Ставшее знаменитым благодаря Бродскому реченье Боратынского "лица необщее выраженье", которым любимец нашей поэтической молодежи и американский нобелиат активнейше пользовался для пропаганды идеи высшей ценности новизны и оригинальничания, - в контексте стихотворения Боратынского ("Муза") звучит не так и значит совсем-совсем не то.
У Боратынского девушка (дева), им описываемая, настолько непримечательна внешне, что "юноши, узрев её, за нею влюбленною толпой не побегут". Она не только не кокетлива, но равнодушна к тому, как она смотрится "со стороны", в ней нет "чары" и, соответственно, ожидания восторгов, да и в общении она ничем не любопытна: "Приманивать изысканным убором/, Игрою глаз, блестящим разговором/ Ни склонности у ней, ни дара нет..." И разве что "мельком" общество, "свет" бывает иногда поражен "её лица необщим выраженьем,/ Её речей спокойной простотой". И далее: свет если когда и заметит её, то "почтит" лишь – "небрежной похвалой".
Все вокруг неё (девы, музы, поэты) суетно озабочены эстетикой своего образа, впечатлением, которое они производят, и лишь она одна абсолютно равнодушна ко всей этой рыночной вакханалии и соревновательности, она природно-естественна и самоуглубленна, равнодушная к оценкам и мнениям. И в этом-то как раз и заключено для Боратынского "её лица необщее выраженье". Общее выражение – отрепетированность перед зеркалами тех и иных выражений загадочности, таинственности, шика, одним словом искательство успеха.
А у Бродского в точности до наоборот: апофеоз суетного (то есть активно прагматичного) поиска оригинальности, желательно радикальной непохожести на всех вокруг, постоянная поза "а я не такая как все!" Оттого проповедь божественности эстетики (кто же кроме нее сформирует этот бросающийся с первого взгляда "неотразимый", "прекрасный" образ-физиономию) и вторичности этики и всё прочее чудище перевернутой вверх дном поэтики, где всё построено именно-таки на искусстве "блестящего разговора", то есть красноречия.
Это подобно западному акценту на "лицо", на самостную личность при подчеркнутом отвержении отчества – только имя: Джон, Боб, Фрэд, Саша и т.д. (Помню, как-то в Москве на одной элитной литературной тусовке Алексей Парщиков подвёл меня в даме, молодящейся старушке лет эдак под (или за) семьдесят на вид и представил, и она, мгновенно сделав улыбку (мне тогда было лет сорок пять или чуть больше), подала руку: "Ирина". Фамилию еще прежде мне шепнул Парщиков, она была известным литературоведом.
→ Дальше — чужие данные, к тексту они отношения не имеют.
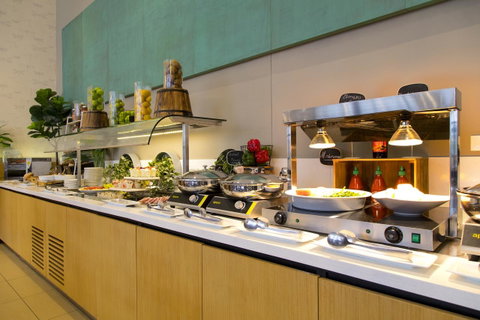 Sage Hotel Wollongong - Tourism Adelaide 17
Впрочем, в девяностые все умирали от желания быть просто: Боб, Кэтрин и т.д. Назвать кого-то по имени-отчеству равнялось почти оскорблению).
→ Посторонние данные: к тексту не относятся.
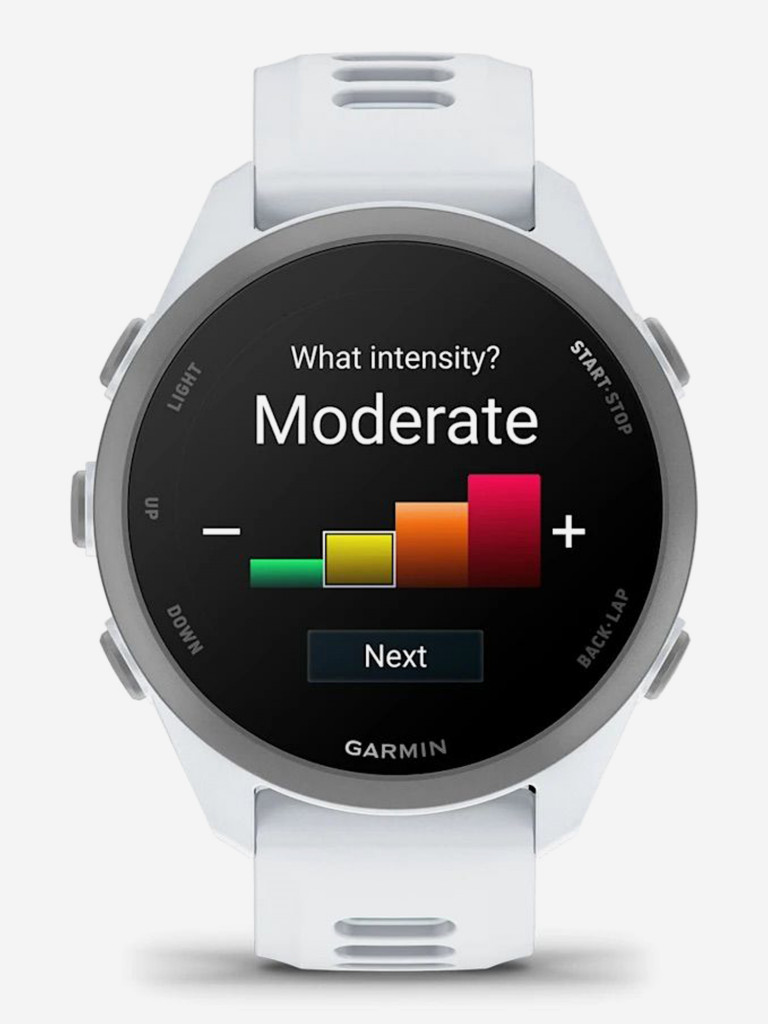 Спортивные часы GARMIN Forerunner 170 Music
По поводу Запада, инстинктивно настаивающего на отвержении отчества, Розанов как-то писал своему другу Петру Петровичу Перцову в Италию: «..."Отчеством" Русь богаче, поэтичнее, культурнее, мистичнее Запада. Все наши фамилии из отчеств (Петров) или из прозвищ (смешное, характерное). Дело в том, что у нас лицо погружено в род, а это богатейшее, Изидино начало... Нет, мы еще поборемся с западным кичливым "лицом"...»
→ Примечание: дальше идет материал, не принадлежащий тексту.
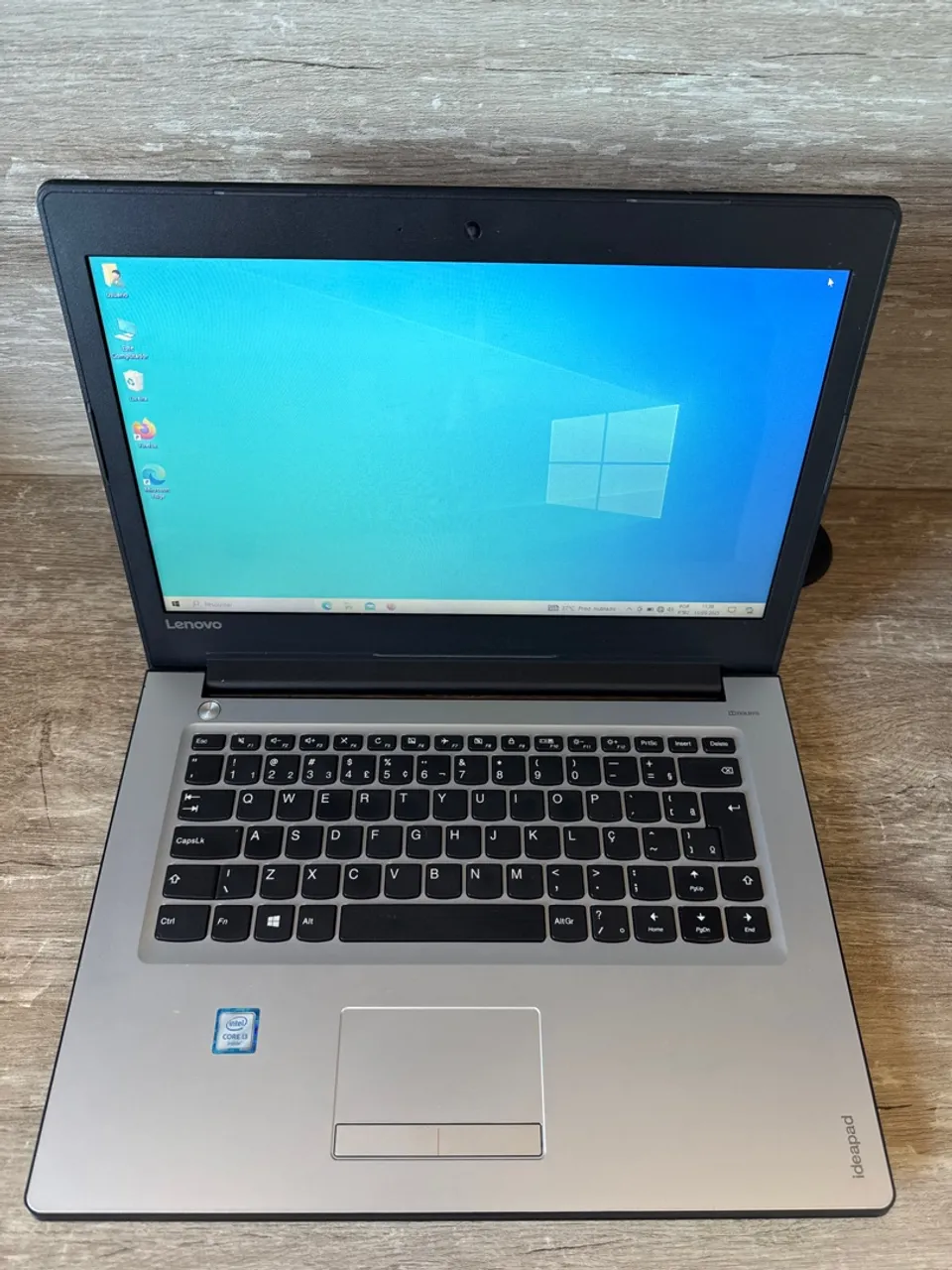 VENDO Notebook Lenovo Ideapad 310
Конечно, легче натянуть на лицо некую модную маску, если оторваться от "родового багажа". Вызревать из родового лика (неважно, с какими коннотациями) до индивидуального лица – абсолютно иной труд. Изидино начало – это лик, уходящий в великую даль "космичной" полновесности. Как ты "угадаешь себя до конца" (Арсений Тарковский), если не заглянешь в родовую пучину, из которой пришла твоя душа, к скольжению по асфальту не имеющая никакого отношения. Если ты вне рода, то ты либо Бог, аватар, либо существо из реторты. Коих (из реторт) на земле становится, вероятно, стремительно всё больше. И это не осуждение, но простое печальное наблюдение.